Bacillus thuringiensis (Bt) est le microorganisme star du biocontrôle utilisé depuis de nombreuses années. La souche « Bt Kurstaki » est la plus utilisée. Cette bactérie a l’avantage de produire des toxines spécifiques des larves de lépidoptères qui sont les principaux ravageurs des plantes cultivées.

Une autre bactérie moins connue, Bacillus vezelensis, est largement utilisée par les producteurs de champignons de Paris. Elle forme un biofilm à la surface du compost qui empêche le développement des bioagresseurs, en particulier de Trichoderma aggressivum capable de réduire de moitié la production de champignons de Paris.      

Dans la catégorie des virus, citons la carpovirusine développée à partir du virus de la granulose.

Lorsqu’elle est pulvérisée sur les pommiers, les larves de carpocapse la consomment. Le virus se réplique alors dans leur organisme et les détruit en quelques jours.

Prenons maintenant l’exemple d’un champignon, Coniothyrium minitans , développé plus récemment pour lutter contre l’une des maladies principales du colza : la sclérotiniose. Pulvérisé au sol, ce mycoparasite cause la destruction des hyphes et des sclérotes du sol de Sclérotinia sclerotiorum. La dégradation des cellules est permise par la production d’enzymes extracellulaires par le champignon.

Les substances naturelles

La dernière catégorie représentée par les substances naturelles est encore la plus utilisée par les producteurs. C’est sans doute parce que leur mode d’utilisation se rapproche le plus des produits phytosanitaires conventionnels.

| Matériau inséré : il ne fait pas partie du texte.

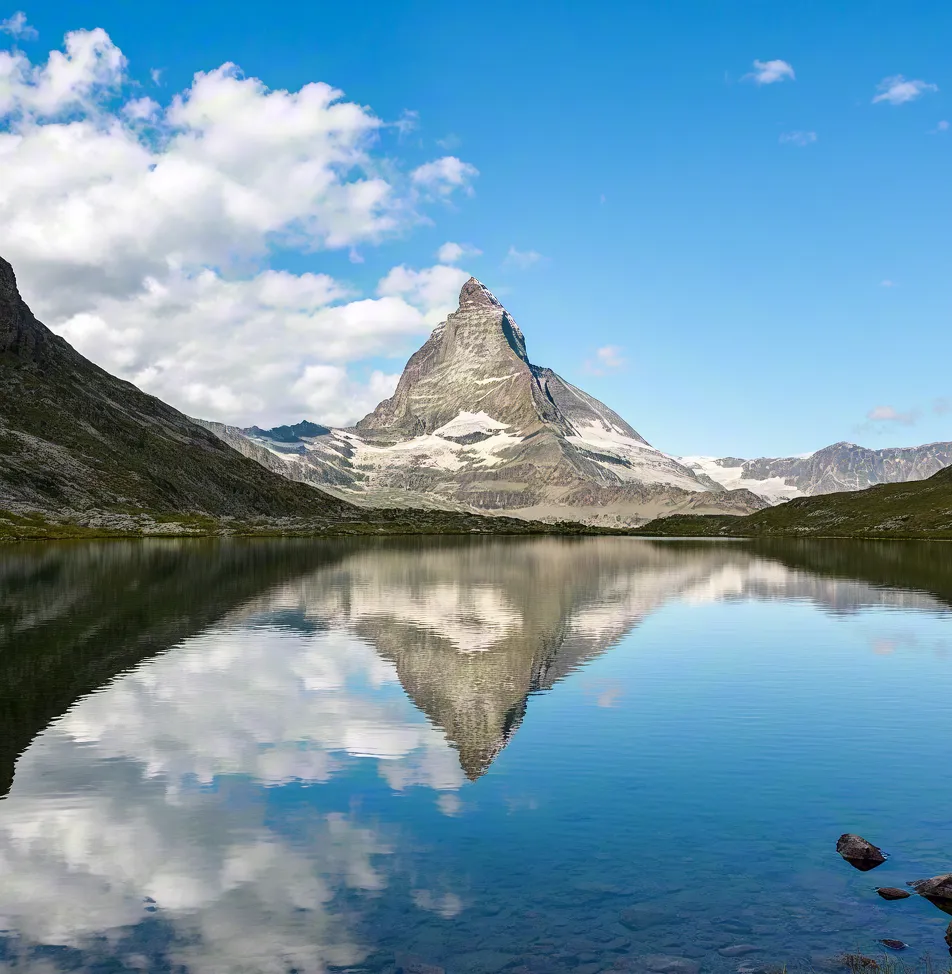Majestic mountain peak reflected in clear alpine lake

Le soufre d’origine minérale, décliné dans plus de 100 références commerciales, est très utilisé en vigne contre l’oïdium et connait un nouveau développement en céréales à paille pour lutter contre la septoriose en association avec d’autres méthodes de lutte.  Le phosphate ferrique connait un essor récent pour lutter contre les limaces.

Un certain nombre de substances d’origine végétale ou animale sont en progression :

  • L’acide pélargonique en tant que désherbant total.
  • Le Cos-oga – association de fragments de pectine et de chitosan- sur oïdium et mildiou.
  • Les huiles essentielles Géraniol, Eugénol, Thymol pour lutter contre le botrytis.
  • L’huile essentielle d’orange douce contre les cicadelles, thrips, aleurodes ou l’oïdium.

Pour parvenir à une efficacité acceptable, il est très fréquent de devoir mettre en œuvre plusieurs solutions de biocontrôle ou une solution de biocontrôle en association avec un traitement conventionnel :

Pour lutter contre l’eudémis de la vigne, on pourra par exemple :

  • Faire une confusion sexuelle + un traitement conventionnel.
  • Faire une confusion sexuelle complétée d’un lâcher de trichogrammes –  + application de Bacillus thuringiensis si nécessaire.  Ce programme sera utilisable en agriculture biologique.

Les solutions de biocontrôle sont en progression constante depuis trois ans et représentent en 2018 environ 8% du marché de la protection des plantes.